Predict secondary structures for RNA sequences.

This is a convenience function to get quick RNA secondary structure predictions. The function will try to use the ViennaRNA python bindings or the RNAfold binary to perform predictions. If neither can be found the function raises a RuntimeError. Using the ViennaRNA python bindings is preferred as it is faster.

Entries of the output file look as follows if annotate = False:

>header
CCCCAUAGGGG
((((...)))) (-3.3)

If annotate = True the annotated structure string instead of the dot-bracket string will be printed:

>header
CCCCAUAGGGG
SSSSHHHSSSS

Have a look at the annotate_structures() function for more information about annotated structure strings.

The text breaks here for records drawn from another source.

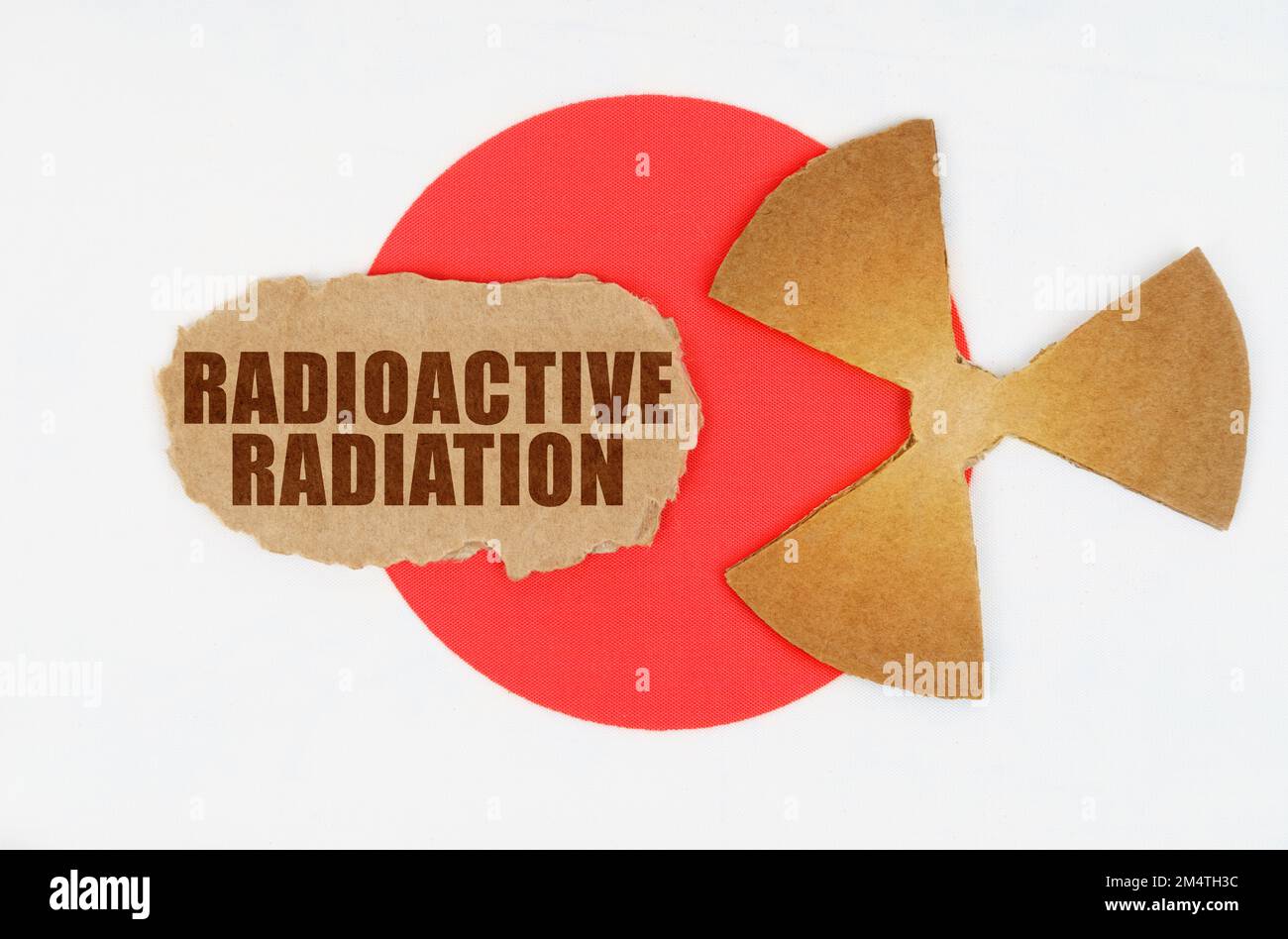 Le concept de l'industrie et de la radiation. Sur le drapeau du Japon, le symbole de radioactivité et de carton déchiré avec l'inscription - radioactive Radiati Banque D'Images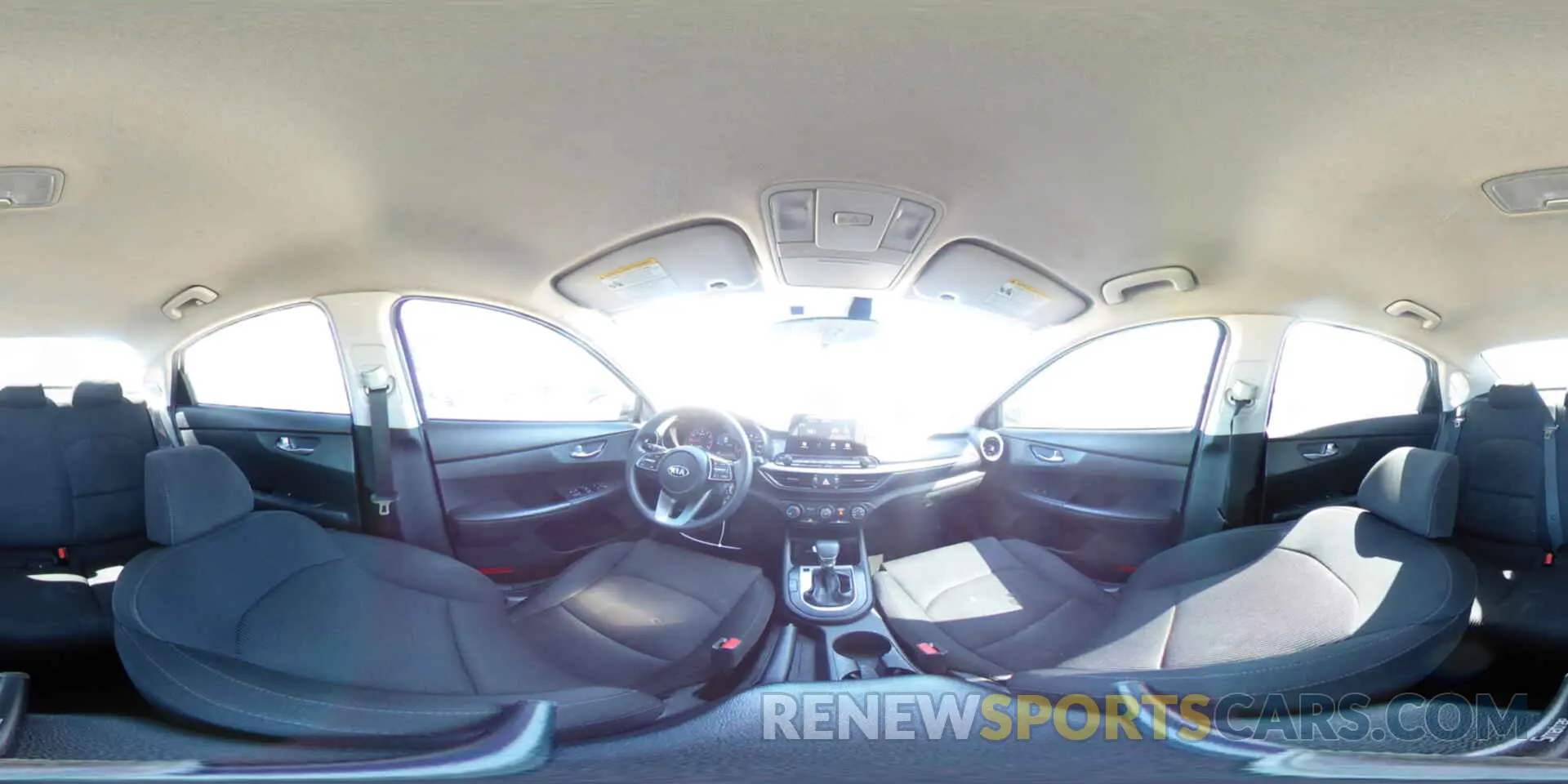 12 fotografías del automóvil dañado 3KPF24AD9LE160080 KIA FORTE 2020
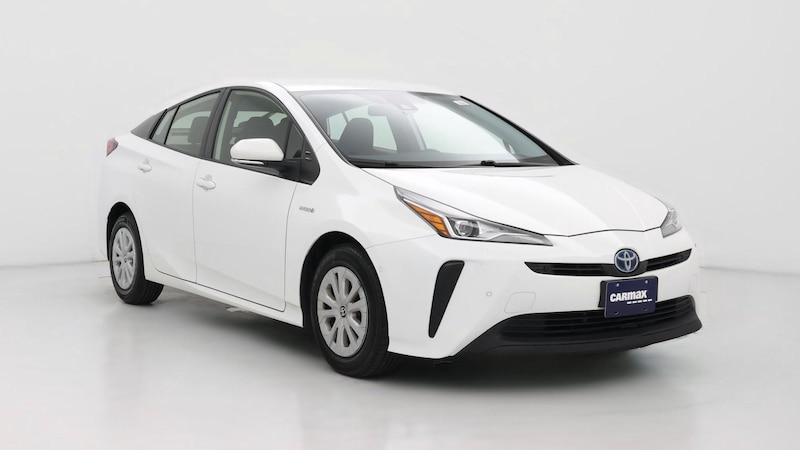2022 Toyota Prius LE Hero Image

Warning: Due to the way Python works spinning up additional processes means copying the complete memory of the original process, i.e. if the original processes already uses 5 GB of RAM each additional process will use 5 GB as well.

parametertypedescription
input_filestrA fasta file with RNA sequences.
output_filestrA fasta file with sequences and structures.
num_processesintThe number of parallel processes to use for prediction. (default: number of available cores)
annotateboolOutput the annotated structure string instead of the dot-bracket string. (default: false)

get_performance_report

def get_performance_report(labels, predictions)

Get a performance overview of a classifier.

The report contains precision, recall, f1-score, ROC-AUC and Precision-Recall-AUC for every class (in a 1 vs. all approach) and weighted averages (weighted by the the number of sequences 'n' in each class).

parametertypedescription
labelsnumpy.ndarrayA binary matrix of shape (num sequences, num classes) containing the true labels.
predictionsnumpy.ndarrayA matrix of shape (num sequences, num classes) containing predicted probabilites.
returnstypedescription
reportstrSummary table of the above mentioned performance measurements.

plot_roc

def plot_roc(labels, predictions, file_path)

Get ROC curves for every class.

In the case of more than two classes the comparisons will be performed in a 1 vs. all approach (i.e. you get one curve per class).

parametertypedescription
labelsnumpy.ndarrayA binary matrix of shape (num sequences, num classes) containing the true labels.
predictionsnumpy.ndarrayA matrix of shape (num sequences, num classes) containing predicted probabilites.
file_pathstrThe file the plot should be saved to.

plot_prec_recall

def plot_prec_recall(labels, predictions, file_path)

Get Precision-Recall curves for every class.

In the case of more than two classes the comparisons will be performed in a 1 vs. rest approach (i.e. you get one curve per class).

parametertypedescription
labelsnumpy.ndarrayA binary matrix of shape (num sequences, num classes) containing the true labels.
predictionsnumpy.ndarrayA matrix of shape (num sequences, num classes) containing predicted probabilites.
file_pathstrThe file the plot should be saved to.

save_as_meme

def save_as_meme(logos, file_path)

Save sequence (or structure) motifs in MEME format.

parametertypedescription
logos[pysster.Motif]A list of Motif objects.
file_pathstrThe name of the output text file.

run_tomtom

def run_tomtom(motif_file, output_folder, database, options = None)

Compare a MEME file against a database using TomTom.

Default options string: "-min-overlap 5 -verbosity 1 -xalph -evalue -thresh 0.1"

parametertypedescription
motif_filestrA MEME file.
output_folderstrThe folder the TomTom output will be saved in.
databasestrA MEME file serving as the database to compare against.
optionstrCommand line options passed to TomTom.